So I decided to do a quick little draw with the question/theme of something for me to reflect on about this past week...
So yeah, Hermit and 3 of swords here. The young fey man, blue-skinned and sad, stands alone in the water, the turbulent waves, the red-tinged and dark cloudy sky. Wind, cold wind it looks like, blows at him, his wings and his hair. It looks pretty uncomfortable there actually, the cold air and water, but the man looks too distressed to really care. That bright red sword, pointing downwards on his chest; something weighing so heavily on his mind that physical discomfort seems utterly irrelevant.
The lonely quality to the card. And of course that's only emphasized by the Hermit next to him. The Hermit, making his way along in the stairwell maze that looks like something out of Alice in Wonderland.

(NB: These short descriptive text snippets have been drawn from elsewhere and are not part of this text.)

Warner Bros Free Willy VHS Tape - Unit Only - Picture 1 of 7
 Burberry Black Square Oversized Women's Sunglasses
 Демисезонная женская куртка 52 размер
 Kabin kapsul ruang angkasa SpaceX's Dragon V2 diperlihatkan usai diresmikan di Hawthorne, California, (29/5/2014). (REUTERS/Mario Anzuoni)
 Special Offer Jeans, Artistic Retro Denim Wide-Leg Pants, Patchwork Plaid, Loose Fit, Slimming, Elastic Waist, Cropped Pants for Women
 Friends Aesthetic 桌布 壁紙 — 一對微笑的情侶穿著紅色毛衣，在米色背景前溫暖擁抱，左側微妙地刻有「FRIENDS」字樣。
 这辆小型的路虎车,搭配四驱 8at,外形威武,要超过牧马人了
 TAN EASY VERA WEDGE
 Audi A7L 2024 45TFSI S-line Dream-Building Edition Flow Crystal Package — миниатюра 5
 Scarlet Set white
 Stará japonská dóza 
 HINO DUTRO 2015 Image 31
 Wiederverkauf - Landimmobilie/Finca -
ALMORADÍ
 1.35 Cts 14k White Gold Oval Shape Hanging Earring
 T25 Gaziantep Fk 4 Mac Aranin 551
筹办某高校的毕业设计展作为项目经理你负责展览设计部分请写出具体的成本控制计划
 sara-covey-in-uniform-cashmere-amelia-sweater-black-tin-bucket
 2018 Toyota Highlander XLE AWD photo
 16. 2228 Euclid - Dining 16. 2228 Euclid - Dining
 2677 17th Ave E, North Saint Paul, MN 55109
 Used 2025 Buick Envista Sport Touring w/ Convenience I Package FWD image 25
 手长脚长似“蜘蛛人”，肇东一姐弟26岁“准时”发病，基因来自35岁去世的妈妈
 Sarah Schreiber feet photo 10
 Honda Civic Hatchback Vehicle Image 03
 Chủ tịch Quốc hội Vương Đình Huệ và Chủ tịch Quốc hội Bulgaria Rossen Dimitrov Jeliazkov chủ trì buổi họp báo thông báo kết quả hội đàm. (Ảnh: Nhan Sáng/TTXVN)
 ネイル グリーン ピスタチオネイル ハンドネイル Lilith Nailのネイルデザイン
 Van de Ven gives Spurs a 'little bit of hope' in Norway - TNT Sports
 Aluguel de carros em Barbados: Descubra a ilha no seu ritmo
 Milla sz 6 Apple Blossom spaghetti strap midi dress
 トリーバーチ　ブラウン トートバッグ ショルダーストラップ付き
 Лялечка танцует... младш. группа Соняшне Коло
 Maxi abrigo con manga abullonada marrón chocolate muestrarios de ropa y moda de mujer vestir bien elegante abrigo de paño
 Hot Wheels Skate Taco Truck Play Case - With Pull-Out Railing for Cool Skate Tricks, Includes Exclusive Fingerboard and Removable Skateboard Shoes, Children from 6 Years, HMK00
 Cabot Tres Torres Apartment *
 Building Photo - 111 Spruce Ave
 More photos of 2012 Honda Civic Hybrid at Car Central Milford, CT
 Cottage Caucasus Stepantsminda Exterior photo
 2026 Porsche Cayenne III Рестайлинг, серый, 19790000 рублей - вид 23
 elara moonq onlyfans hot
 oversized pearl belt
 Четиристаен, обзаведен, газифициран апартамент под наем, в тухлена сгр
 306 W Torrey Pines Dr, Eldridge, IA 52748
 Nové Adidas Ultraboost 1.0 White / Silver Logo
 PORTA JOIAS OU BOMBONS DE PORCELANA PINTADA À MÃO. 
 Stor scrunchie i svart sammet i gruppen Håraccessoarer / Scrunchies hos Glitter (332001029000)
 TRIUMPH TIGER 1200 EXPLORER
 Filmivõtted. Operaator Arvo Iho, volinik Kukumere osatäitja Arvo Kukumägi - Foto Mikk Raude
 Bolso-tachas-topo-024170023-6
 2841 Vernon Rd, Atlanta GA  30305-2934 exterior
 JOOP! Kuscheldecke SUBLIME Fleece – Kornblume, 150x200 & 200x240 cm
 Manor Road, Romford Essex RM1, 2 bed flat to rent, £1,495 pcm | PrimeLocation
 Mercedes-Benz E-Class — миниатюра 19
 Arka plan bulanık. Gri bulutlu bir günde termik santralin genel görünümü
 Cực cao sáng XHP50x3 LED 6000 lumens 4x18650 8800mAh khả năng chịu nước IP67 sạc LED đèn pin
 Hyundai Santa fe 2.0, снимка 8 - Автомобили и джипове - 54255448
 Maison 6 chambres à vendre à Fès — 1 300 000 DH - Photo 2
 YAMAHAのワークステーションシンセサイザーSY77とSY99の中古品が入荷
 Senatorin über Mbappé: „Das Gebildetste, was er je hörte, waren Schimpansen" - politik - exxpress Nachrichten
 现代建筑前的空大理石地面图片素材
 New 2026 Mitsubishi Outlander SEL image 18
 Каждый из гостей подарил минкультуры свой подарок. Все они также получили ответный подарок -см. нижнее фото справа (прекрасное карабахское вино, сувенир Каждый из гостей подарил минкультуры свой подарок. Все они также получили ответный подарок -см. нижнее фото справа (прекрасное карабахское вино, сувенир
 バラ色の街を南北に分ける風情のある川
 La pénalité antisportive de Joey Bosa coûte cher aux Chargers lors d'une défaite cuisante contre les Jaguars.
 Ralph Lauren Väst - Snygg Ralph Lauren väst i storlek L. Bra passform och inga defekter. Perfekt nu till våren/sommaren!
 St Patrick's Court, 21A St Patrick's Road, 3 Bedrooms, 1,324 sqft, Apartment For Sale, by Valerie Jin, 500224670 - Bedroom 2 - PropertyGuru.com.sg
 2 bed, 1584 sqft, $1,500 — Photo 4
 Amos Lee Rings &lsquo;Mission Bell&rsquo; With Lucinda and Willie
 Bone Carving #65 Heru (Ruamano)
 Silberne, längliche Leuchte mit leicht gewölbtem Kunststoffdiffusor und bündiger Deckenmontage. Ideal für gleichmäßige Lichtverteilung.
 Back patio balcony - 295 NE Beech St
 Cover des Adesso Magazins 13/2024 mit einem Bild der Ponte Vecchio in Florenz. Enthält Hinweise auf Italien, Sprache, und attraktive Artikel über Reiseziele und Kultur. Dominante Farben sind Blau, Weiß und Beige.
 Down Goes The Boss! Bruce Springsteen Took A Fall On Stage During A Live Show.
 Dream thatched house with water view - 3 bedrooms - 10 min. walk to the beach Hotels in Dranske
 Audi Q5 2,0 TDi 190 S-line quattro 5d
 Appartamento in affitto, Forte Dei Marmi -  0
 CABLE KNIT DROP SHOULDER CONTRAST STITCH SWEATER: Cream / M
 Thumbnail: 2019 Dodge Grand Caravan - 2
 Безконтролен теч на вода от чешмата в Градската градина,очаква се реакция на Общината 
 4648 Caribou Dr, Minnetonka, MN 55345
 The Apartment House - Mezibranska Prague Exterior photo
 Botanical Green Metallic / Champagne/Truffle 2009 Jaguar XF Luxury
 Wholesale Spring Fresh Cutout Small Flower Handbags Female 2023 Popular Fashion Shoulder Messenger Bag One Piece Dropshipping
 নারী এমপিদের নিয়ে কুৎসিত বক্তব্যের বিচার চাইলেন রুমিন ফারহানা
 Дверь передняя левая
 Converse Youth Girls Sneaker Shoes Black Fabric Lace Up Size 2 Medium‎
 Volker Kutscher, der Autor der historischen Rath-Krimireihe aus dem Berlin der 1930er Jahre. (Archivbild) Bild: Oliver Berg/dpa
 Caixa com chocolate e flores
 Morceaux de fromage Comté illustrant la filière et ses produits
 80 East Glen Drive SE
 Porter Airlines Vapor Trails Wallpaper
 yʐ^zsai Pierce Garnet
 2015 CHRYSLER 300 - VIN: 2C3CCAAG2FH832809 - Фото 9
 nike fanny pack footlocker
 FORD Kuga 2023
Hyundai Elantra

He has a torch to illuminate his wave, awareness of his situation, maybe even a pretty good idea of where he is going, and yet....just LOOK at the crazy way those stairwells wind and twist about. How is he supposed to know which stair to take, and when, and for how long? He looks pretty damned confused, this Hermit, and who wouldn't be, trying to navigate through something like that alone? Of course, sometimes a journey like that through the maze can be quite enjoyable, wondering about any which way, seeing interesting things for their own sake. But sometimes, when you really need to get TO or AWAY from something, it's just damned frustrating.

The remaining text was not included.